Mr Lansley is forthright again when asked about the need to renegotiate the GP contract.

“People get very hung up about this. The GP contract is renegotiated every year. We don’t have a GP contract that embraces their commissioning responsibilities. So - by implication - we must [renegotiate].

“We are proposing to simplify and improve the QOF [which will also require renegotiation]. It must bear sufficient weight to incentivise properly GP consortia for delivering continuously improving results.”

Providers and competition

The health secretary says the DH is “still working on the precise support mechanism” to help all acute trusts achieve foundation trust status.

“It is difficult to contemplate all trusts being FTs before March 2014 - but I hope that we could achieve that”, he says. “There is scope for mergers, but I wouldn’t like people to get too excited about mergers. It is often a way of avoiding a problem by acquiring scale rather than resolving fundamental management problems.”

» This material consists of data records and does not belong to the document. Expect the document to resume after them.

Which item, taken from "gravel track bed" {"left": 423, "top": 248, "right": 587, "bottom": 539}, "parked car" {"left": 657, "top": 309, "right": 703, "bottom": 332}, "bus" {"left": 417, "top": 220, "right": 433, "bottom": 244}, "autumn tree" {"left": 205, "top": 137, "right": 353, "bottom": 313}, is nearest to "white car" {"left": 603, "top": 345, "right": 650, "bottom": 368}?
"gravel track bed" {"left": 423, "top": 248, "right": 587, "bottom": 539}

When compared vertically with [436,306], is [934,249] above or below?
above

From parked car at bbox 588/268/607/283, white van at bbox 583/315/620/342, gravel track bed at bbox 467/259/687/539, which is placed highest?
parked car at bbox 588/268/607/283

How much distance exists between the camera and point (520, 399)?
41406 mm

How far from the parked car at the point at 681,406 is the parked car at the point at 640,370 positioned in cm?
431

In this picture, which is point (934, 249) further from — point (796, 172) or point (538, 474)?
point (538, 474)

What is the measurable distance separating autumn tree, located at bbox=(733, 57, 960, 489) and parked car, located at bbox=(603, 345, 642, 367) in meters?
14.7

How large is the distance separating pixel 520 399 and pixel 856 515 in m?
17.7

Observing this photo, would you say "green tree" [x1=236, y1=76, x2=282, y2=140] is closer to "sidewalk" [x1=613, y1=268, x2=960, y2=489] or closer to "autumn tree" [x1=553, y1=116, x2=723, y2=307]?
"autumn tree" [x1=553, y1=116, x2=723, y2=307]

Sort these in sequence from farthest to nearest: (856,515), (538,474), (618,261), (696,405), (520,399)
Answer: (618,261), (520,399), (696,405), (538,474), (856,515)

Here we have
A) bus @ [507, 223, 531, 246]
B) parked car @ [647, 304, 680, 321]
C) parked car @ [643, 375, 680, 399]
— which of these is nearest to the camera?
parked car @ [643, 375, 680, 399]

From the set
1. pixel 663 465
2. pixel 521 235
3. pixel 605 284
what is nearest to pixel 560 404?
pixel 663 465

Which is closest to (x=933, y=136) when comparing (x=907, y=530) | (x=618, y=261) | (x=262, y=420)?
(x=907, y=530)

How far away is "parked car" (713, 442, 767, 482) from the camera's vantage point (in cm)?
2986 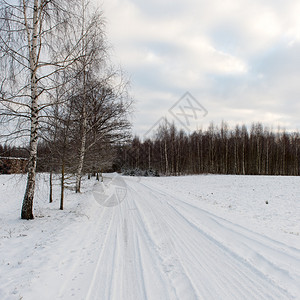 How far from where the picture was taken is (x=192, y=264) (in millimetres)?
3477

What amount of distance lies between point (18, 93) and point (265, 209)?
1054cm

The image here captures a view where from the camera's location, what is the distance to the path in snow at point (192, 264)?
2736 mm

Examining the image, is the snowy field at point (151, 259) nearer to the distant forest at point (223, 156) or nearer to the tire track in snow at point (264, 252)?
the tire track in snow at point (264, 252)

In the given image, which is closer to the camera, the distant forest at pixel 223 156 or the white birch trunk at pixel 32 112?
the white birch trunk at pixel 32 112

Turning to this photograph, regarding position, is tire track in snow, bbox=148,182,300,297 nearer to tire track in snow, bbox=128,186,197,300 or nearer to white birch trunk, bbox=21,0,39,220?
tire track in snow, bbox=128,186,197,300

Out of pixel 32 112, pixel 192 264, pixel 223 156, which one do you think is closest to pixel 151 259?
pixel 192 264

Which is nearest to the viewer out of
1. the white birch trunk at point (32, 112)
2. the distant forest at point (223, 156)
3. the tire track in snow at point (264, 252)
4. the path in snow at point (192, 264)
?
the path in snow at point (192, 264)

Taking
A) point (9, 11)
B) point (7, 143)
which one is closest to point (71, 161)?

Mr Lansley confirms his belief that health provision should take place in “a competitive situation”, but this does not necessarily mean a greater role for the private and third sectors in providing NHS funded care.

“I don’t think we have given FTs the opportunity to demonstrate what they could do,” he says, citing the DH’s refusal to let them bid for the first wave of independent treatment centres.

“We will, as far as we possibly can - and it’s not a perfect situation - create a level playing field.”

He adds: “I want to create the most vibrant social enterprise sector in the world. That will consist of what we currently think of NHS-owned organisations, but who - frankly - should be conceiving themselves as having greater autonomy and seeing themselves as social enterprises.”